Cyprus has always been dry. The island sits at the eastern edge of the Mediterranean, in a region that receives less rainfall than almost anywhere else in Europe. But the data tells a clear story: dry is getting drier. Rainfall is declining, temperatures are rising, evaporation is accelerating, and the island's 17 major dams are holding less water than at any point in their recorded history.

The rainfall trend

Cyprus receives an average of roughly 460 millimetres of rainfall per year, concentrated overwhelmingly between November and March. This compares to around 700 mm for the EU average, 1,200 mm for the UK, and 2,500 mm for parts of Norway. Even in a good year, Cyprus is water-scarce by European standards.

But the average is misleading. Rainfall variability has increased markedly over the past two decades. The wet winters that used to fill reservoirs reliably are becoming less frequent, while the dry winters that once felt like rare events are now the norm. The 2024–2025 and 2025–2026 winters have both delivered well below average rainfall, leaving dams at historic lows entering the dry season.

Climate records for Cyprus go back over a century, and the trend is unmistakable: the island is receiving less total rainfall per decade. Multiple studies have documented a 10–15% decline in average annual precipitation since the 1970s, with the sharpest drops occurring during the critical winter recharge months.

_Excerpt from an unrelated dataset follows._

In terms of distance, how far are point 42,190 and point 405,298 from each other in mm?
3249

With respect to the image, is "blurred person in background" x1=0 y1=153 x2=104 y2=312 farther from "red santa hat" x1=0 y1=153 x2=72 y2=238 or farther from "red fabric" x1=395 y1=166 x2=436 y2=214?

Rising temperatures, rising losses

It is not just that less rain is falling — what does fall is less effective at recharging reservoirs. Higher temperatures mean more water is lost to evaporation from both the ground surface and the reservoir surface itself. The eastern Mediterranean is warming approximately 20% faster than the global average, with summer temperatures in Cyprus regularly exceeding 40 degrees Celsius.

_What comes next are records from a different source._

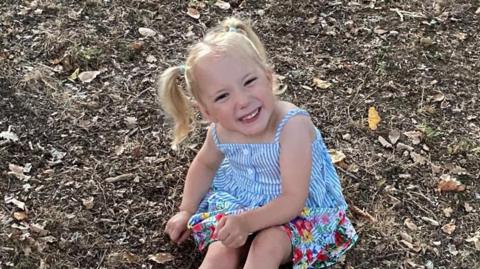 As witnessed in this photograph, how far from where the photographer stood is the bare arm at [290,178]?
8.58ft

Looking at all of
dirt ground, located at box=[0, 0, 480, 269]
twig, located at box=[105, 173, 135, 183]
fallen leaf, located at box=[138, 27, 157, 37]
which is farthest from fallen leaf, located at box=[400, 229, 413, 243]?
fallen leaf, located at box=[138, 27, 157, 37]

For dam operators, this is a double blow. A reservoir at 30% capacity in July loses a higher proportion of its remaining water to evaporation than the same reservoir at 60% capacity, because the shallower water body has a higher surface-to-volume ratio. The warmer it gets, the faster small dams empty.

Increased temperatures also raise crop water demand, meaning agriculture needs more irrigation water precisely when less is available. This creates a vicious cycle: hotter, drier conditions reduce supply while simultaneously increasing demand.

What the models predict

Climate projections for the eastern Mediterranean are broadly consistent across modelling frameworks. The Intergovernmental Panel on Climate Change (IPCC) and regional studies from the Cyprus Institute project the following for the 2030–2060 period:

  • Rainfall decline of 10–20% compared to the 1980–2010 baseline, with the sharpest reductions in winter
  • Temperature increase of 1.5–3 degrees Celsius, depending on global emissions trajectory
  • Longer dry seasons, with the wet period starting later and ending earlier
  • More intense but less frequent rainfall events, meaning more runoff and flooding but less effective groundwater recharge
  • Sea level rise affecting coastal aquifers through saltwater intrusion

For dam levels, these projections translate to a structural downward shift. The historical range of 30–60% system capacity that Cyprus experienced through the 2000s and 2010s may shift to 15–40% as the new normal.

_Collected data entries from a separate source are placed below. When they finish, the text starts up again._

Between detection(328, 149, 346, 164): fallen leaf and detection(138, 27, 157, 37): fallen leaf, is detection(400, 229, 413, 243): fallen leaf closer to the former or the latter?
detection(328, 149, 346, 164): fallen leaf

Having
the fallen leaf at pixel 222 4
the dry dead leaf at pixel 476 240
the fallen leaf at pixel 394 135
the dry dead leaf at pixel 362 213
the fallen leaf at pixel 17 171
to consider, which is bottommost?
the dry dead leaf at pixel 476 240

Cyprus's adaptation toolkit

The island is not defenceless. Cyprus has invested heavily in desalination over the past two decades, and desalinated seawater now supplies roughly 70% of domestic drinking water. This reduces direct dependence on dam levels for household taps, but it comes at a cost — desalination is energy-intensive, and running plants at full capacity during a drought strains both the electricity grid and the public purse.

Other adaptation measures include:

  • Wastewater reuse: Treated wastewater is increasingly used for agricultural irrigation, particularly in the Famagusta district where Achna dam already functions primarily as a treated wastewater storage facility.
  • Groundwater management: Monitoring and regulating borehole extraction to prevent aquifer depletion, though enforcement remains a challenge.
  • Demand-side measures: Public awareness campaigns, water pricing structures that penalise heavy use, and building code requirements for water-efficient fixtures.
  • Cloud seeding: Cyprus has experimented with cloud seeding programmes to increase rainfall, though the scientific evidence for their effectiveness remains mixed.

What the dam data shows

The latest data on the Nero dashboard provides a window into these long-term trends. Use the year-on-year comparison feature to overlay recent years against earlier periods and see the shift for yourself. The system capacity chart on the dashboard shows the combined fill level across all 17 dams over time — the downward trend in peak winter levels is visible to the naked eye.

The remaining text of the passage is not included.